Messenger RNA in situ hybridization

In situ hybridization was performed with the RNAscope Intro Pack for Multiplex Fluorescent Reagent Kit v2-Mm from Advanced Cell Diagnostics according to the manufacturer’s protocol. Briefly, FFPE sections were deparaffinized with xylene and rehydrated with alcohol. The sections were hybridized at 40 °C for 2 h with the RNAscope Probe-Mm-Igf1 that is specific for mouse Igf1 mRNA (Advanced Cell Diagnostics), and the signal was visualized with RNAscope fluorescent reagents. Sections were counterstained with ProLong Gold Antifade Reagent (Life Technologies) before dehydrating, and coverslips were affixed with Permount (Thermo Fisher Scientific). Images were acquired with a Leica SP8X STED/confocal microscope using Leica Application Suite X (version 3.7) acquisition software. Images were acquired as Z stacks (1 µm) using the Piezo Z stage.
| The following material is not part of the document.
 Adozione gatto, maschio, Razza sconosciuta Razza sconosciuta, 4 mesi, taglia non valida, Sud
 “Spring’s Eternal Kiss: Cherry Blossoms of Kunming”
RNA extraction and quantitative PCR with reverse transcription

Total RNA was isolated using TRIzol (Life Technologies) and the RNeasy Mini Kit (Qiagen) according to the manufacturer’s instructions. To test the purity of epithelial cells, we used quantitative PCR with reverse transcription and primers summarized in Supplementary Table 15. mRNA was retrotranscribed using the High-Capacity cDNA Reverse Transcription Kit (Applied Biosystem), and detection was accomplished using the Roche LightCycler 480 Real-time PCR system in combination with the Power SYBR Green PCR Master Mix (Life Technologies).

RNA sequencing

RNA-seq libraries were made after enrichment with oligo(dT) beads. First, mRNA was randomly fragmented by adding fragmentation buffer. Next, cDNA was synthesized using mRNA template and random hexamer primers, after which a custom second-strand synthesis buffer (Illumina), dNTPs, RNase H and DNA polymerase I were added to initiate second-strand synthesis. After a series of terminal repair, A ligation and sequencing adaptor ligation, the double-stranded cDNA library was completed through size selection and PCR enrichment. Samples were sequenced on an Illumina NextSeq 500 instrument (libraries generated and sequencing performed at Novogene).

RNA sequencing analysis

RNA-seq analysis was performed using the VIPER analysis pipeline (version 1.41.0)¹⁰⁶. Alignment to the hg19 human genome was accomplished using STAR version 2.7.0f followed by transcript assembly using cufflinks version 2.2.1 (ref. ¹⁰⁷) and RSeQC version 2.6.2 (ref. ¹⁰⁸). Differential expression analysis was carried out using DESeq2 version 1.18.1 (ref. ¹⁰⁹). Pathway analysis was carried out using Enrichr (https://maayanlab.cloud/Enrichr/) and applying MsigDB oncogenic signatures¹⁰².

Reporting summary

Further information on research design is available in the Nature Portfolio Reporting Summary linked to this article.